L’essere diventata madre prima dei trent’anni per Maria Paola Clarizia non è stato un ostacolo al successo. Neanche con una carriera alla Nasa e una missione sui cicloni tropicali da portare a termine. Oggi, che ha 31 anni e suo figlio quattro, si rende conto che è stata fortunata e il suo destino non sarebbe stato la stesso se fosse rimasta in Italia. “Quando ho fatto il colloquio per entrare nel team della Nasa non mi hanno chiesto se ero sposata, avevo figli o avevo intenzione di farne. Sono stata io, alla fine, a precisare che ero già madre di un bimbo piccolo, che ho un compagno con un lavoro a tempo indeterminato a Southampton, dove viviamo, e che non mi sarei potuta trasferire negli Stati Uniti. E il responsabile della missione, un professore del Michigan, non ha fatto una piega e ha risposto che non cambia niente mandare una mail da oltreoceano piuttosto che tra piani diversi nello stesso ufficio. Mi ha presa al volo”.
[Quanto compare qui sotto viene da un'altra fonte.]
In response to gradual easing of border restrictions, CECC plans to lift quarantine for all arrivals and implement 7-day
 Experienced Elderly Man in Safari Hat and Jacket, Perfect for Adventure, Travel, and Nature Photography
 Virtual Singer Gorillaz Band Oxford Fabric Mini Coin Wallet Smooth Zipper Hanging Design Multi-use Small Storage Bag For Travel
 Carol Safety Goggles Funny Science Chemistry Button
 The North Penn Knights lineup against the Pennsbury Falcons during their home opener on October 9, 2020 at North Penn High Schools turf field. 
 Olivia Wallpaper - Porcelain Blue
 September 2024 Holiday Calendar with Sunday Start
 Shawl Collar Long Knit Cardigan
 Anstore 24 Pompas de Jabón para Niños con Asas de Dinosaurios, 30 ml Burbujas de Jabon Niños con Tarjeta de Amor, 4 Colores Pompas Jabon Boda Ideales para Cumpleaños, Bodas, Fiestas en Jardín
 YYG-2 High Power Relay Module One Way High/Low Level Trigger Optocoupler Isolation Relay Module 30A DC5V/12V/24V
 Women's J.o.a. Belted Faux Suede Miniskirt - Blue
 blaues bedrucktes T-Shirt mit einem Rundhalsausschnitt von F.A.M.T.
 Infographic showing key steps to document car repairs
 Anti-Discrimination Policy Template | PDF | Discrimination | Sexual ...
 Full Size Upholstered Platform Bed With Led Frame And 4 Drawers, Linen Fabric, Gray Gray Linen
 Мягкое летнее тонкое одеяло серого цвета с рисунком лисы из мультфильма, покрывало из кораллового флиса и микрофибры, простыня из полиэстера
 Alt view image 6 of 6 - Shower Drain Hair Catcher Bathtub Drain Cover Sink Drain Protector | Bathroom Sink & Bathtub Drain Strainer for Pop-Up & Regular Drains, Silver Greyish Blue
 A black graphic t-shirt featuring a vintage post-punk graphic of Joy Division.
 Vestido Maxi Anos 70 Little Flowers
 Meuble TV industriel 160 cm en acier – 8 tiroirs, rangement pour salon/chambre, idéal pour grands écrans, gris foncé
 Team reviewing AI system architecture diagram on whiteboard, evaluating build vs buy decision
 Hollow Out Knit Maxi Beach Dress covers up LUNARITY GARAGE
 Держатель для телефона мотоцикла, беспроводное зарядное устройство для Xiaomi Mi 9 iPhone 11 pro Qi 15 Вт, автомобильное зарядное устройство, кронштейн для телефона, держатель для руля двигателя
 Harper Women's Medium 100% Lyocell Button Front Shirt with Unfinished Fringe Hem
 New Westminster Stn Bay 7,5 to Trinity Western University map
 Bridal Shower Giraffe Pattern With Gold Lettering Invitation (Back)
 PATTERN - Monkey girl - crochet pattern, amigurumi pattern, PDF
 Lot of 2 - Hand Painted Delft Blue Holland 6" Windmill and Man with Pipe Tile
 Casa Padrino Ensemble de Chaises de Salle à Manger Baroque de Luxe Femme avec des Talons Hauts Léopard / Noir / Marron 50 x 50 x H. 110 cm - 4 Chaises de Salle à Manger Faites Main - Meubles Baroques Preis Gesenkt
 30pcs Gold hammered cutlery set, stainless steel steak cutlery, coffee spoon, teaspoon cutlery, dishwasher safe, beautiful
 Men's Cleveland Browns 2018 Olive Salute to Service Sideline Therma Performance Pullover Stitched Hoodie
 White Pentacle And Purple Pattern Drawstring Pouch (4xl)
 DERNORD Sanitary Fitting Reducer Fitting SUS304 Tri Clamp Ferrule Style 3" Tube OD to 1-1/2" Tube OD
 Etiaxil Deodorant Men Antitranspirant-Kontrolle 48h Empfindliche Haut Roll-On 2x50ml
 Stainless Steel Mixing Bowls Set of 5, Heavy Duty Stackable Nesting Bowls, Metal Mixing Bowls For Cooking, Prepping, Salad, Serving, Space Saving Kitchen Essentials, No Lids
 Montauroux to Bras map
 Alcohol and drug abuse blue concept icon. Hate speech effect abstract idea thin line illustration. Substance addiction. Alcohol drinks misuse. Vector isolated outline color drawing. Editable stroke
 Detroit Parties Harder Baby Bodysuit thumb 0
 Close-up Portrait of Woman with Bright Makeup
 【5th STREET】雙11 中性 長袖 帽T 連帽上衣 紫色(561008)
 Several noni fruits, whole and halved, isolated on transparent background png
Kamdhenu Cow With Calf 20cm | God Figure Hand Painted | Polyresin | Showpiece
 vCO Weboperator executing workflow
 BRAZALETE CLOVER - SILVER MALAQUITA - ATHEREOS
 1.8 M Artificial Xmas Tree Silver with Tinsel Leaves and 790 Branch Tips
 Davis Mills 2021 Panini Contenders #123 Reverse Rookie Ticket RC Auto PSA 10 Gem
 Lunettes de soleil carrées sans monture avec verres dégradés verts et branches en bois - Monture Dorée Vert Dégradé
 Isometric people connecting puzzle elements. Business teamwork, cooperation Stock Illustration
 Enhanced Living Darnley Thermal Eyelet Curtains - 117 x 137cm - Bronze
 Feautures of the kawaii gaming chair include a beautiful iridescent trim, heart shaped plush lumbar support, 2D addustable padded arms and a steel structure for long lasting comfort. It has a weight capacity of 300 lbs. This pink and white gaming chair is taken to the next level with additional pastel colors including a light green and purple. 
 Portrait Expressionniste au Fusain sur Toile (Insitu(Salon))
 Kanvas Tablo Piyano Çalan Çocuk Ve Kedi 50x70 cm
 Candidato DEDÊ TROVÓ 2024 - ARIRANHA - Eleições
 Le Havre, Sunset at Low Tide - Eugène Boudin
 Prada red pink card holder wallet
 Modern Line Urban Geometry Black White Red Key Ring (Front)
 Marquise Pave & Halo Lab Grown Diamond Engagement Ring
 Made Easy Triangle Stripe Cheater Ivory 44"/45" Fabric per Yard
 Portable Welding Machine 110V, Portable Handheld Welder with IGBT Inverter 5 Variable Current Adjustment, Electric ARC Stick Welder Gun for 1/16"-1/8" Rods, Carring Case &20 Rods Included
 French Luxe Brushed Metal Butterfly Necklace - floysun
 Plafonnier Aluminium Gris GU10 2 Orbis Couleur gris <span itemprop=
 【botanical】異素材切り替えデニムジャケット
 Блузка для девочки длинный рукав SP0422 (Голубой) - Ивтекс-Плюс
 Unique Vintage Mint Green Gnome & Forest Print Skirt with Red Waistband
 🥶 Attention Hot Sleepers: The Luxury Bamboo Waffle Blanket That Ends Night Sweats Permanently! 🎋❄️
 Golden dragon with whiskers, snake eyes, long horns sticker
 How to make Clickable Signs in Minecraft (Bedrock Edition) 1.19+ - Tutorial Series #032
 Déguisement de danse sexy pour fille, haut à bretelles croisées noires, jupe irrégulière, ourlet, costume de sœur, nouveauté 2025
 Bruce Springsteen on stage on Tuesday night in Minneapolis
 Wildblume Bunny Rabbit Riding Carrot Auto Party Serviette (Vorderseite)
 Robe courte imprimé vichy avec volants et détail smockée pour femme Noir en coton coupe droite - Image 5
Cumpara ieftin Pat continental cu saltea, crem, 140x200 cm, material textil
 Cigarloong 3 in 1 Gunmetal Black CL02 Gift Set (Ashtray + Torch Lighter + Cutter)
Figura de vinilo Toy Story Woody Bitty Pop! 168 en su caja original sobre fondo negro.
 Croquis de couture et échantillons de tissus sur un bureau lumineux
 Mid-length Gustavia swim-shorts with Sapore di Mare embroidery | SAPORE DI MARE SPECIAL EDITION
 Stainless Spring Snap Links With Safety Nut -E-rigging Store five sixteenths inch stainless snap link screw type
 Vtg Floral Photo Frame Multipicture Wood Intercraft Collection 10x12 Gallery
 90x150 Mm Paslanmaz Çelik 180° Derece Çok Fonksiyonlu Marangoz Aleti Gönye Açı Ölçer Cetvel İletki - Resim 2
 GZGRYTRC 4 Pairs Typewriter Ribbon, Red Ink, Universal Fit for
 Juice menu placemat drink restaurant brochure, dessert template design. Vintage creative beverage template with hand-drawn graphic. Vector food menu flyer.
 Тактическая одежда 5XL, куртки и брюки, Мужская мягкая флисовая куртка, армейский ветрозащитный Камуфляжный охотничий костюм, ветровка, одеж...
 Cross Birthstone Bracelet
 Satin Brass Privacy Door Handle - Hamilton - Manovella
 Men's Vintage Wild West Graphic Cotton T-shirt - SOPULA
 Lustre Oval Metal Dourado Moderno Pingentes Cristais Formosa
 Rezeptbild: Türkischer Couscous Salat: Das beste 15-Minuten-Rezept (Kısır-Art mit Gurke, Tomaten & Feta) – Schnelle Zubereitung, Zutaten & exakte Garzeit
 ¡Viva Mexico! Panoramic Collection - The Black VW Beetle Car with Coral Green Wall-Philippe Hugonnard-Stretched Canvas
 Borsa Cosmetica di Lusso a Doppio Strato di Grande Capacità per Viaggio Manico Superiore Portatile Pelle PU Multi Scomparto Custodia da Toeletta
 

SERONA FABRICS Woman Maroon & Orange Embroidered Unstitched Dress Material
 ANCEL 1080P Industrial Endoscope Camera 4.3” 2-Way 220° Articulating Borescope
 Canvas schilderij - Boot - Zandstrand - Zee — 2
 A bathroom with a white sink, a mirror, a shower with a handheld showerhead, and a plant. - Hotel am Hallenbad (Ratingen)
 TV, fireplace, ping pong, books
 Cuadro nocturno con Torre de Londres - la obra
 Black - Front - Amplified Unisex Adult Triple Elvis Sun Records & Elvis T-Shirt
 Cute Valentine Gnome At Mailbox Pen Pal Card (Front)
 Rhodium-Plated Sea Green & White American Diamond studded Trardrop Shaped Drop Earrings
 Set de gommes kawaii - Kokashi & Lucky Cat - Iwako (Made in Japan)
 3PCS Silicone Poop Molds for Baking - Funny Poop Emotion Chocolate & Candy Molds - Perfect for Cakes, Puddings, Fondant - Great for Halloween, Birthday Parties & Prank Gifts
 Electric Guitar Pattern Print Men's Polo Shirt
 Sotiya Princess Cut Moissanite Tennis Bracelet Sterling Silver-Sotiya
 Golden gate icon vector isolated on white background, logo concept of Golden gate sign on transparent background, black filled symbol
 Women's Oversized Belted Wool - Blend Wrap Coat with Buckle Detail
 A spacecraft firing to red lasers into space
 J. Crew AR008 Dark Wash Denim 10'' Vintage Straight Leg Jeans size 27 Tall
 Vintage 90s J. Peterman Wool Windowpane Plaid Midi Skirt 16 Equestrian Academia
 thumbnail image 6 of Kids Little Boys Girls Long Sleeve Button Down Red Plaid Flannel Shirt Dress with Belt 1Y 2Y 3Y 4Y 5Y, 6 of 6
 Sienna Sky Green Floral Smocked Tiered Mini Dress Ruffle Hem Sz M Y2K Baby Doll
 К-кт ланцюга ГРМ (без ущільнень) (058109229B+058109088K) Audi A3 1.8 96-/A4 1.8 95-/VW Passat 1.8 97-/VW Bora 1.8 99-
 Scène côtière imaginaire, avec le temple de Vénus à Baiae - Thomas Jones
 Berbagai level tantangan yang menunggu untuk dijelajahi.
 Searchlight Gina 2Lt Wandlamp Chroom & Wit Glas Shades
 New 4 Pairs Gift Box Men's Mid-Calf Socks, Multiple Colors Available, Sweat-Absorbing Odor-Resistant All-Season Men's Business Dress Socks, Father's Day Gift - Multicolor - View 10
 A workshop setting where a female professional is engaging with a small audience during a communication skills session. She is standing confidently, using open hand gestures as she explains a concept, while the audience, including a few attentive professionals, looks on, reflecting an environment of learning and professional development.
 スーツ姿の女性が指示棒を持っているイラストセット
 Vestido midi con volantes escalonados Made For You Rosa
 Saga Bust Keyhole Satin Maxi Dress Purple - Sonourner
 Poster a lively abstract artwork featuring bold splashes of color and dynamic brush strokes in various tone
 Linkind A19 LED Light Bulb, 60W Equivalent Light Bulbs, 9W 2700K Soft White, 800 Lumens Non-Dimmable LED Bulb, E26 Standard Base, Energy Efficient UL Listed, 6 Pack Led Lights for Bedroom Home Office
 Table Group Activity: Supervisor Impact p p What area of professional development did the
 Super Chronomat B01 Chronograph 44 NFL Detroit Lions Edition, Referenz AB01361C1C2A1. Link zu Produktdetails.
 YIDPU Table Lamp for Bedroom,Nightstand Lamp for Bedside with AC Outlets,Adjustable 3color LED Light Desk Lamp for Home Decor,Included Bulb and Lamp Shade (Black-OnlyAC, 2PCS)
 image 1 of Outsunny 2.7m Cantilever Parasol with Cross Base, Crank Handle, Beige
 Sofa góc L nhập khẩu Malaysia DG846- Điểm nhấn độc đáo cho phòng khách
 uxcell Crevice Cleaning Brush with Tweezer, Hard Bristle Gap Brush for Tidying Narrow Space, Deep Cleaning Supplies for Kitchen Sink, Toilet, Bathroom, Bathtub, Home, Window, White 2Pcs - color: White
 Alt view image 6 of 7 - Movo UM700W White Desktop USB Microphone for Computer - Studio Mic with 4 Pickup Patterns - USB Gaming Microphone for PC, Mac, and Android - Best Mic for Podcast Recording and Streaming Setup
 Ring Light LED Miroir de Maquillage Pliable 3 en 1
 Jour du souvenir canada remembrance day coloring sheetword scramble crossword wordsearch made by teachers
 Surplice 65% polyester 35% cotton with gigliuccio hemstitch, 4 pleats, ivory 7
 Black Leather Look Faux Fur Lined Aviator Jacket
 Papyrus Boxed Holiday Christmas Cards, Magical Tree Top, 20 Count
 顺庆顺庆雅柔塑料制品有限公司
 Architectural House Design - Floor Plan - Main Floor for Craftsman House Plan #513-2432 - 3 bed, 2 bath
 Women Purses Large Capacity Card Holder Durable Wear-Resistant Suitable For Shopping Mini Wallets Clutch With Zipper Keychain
Maria Paola è la più giovane della missione “Cygnss” (Cycolne global navigation satellite system), formata da 15 operatori, tutti americani a parte lei, che lancerà otto micro satelliti a bassa orbita intorno alla Terra per capire come si formano i cicloni tropicali e migliorarne il metodo di previsione. “Adesso il nostro compito è misurare la forza dei venti durante gli uragani usando i segnali gps riflessi dalla superficie dell’oceano”. Un posto a distanza che non pesa a nessuno. Le hanno messo a disposizione una scrivania al National oceanography centre di Southampton, non deve timbrare il cartellino e gestisce il lavoro come le pare. “L’importante è portare a casa il risultato”, così le hanno detto. E ogni tre mesi viaggia negli States per fare il punto con il resto del team. “Tutto rimborsato ovviamente. I meeting si tengono ogni volta in città diverse, l’ultimo a Los Angeles, al Jet propulsion laboratory della Nasa, dove progettano le missioni per Marte, come Curiosity”. Tanto per intenderci.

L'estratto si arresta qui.